CAPFlyer wrote:
I guess it's great that the military can afford to do that. If every time a civilian aircraft crashed the whole fleet was grounded, there wouldn't be any airlines. To me, it just seems to be a knee-jerk reaction that has no real basis in practical operations. If you suspect a major mechanical malfunction, then yes, there is reason to ground it, but since the prevailing belief is CFIT and seems to be what is supported by the facts, why ground the planes?
I guess it's just the fact that the commercial operators have a helluva lot more background about how to handle this kind of thing and there's only been a very limited number of fleet-wide groundings happen in the commercial world in the last 60+ years and none of them happened just because the plane crashed. It was because they had a good reason to believe it was something systematic.
BTW, as for adding equipment - the USAF uses the C-130J in Antarctica on a routine basis and it's not just any specific model, all the aircraft are equipped for such operations. I doubt the Norwegians have anything onboard significantly different than the USAF or RCAF.
Why shouldnt they as a precaution? its not like its war critical that they keep all C130s flying, why risks lives when you dont have to? Or more likely these days, why take the risk of another expensive plane crashing?

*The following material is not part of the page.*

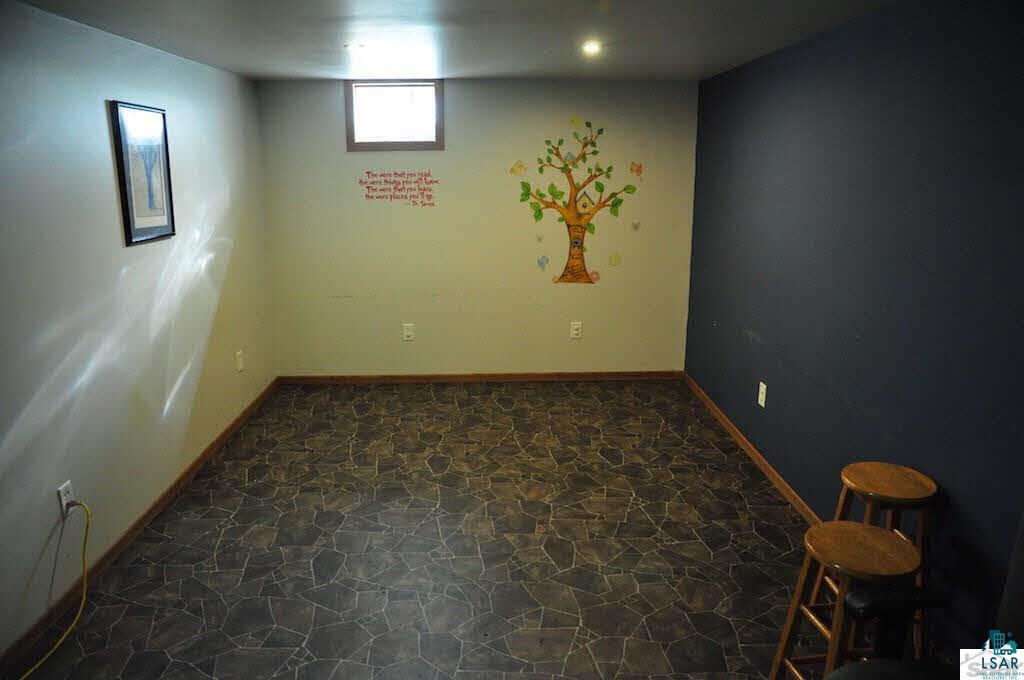 28480 Nolander Road Washburn, WI 54891 - Photo 15 of 25 Gallery Image 15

The reason airlines dont ground an entire fleet just because of a crash is because they cant afford to, or want to. It'd hit their end of year profits and cause a massive PR backlash. The armed forces get better PR from grounding a fleet for "saftey" then to let the type fly and risk another crash, which if did happen, would cause massive backlash from the public demanding why they didnt ground the fleet and check them!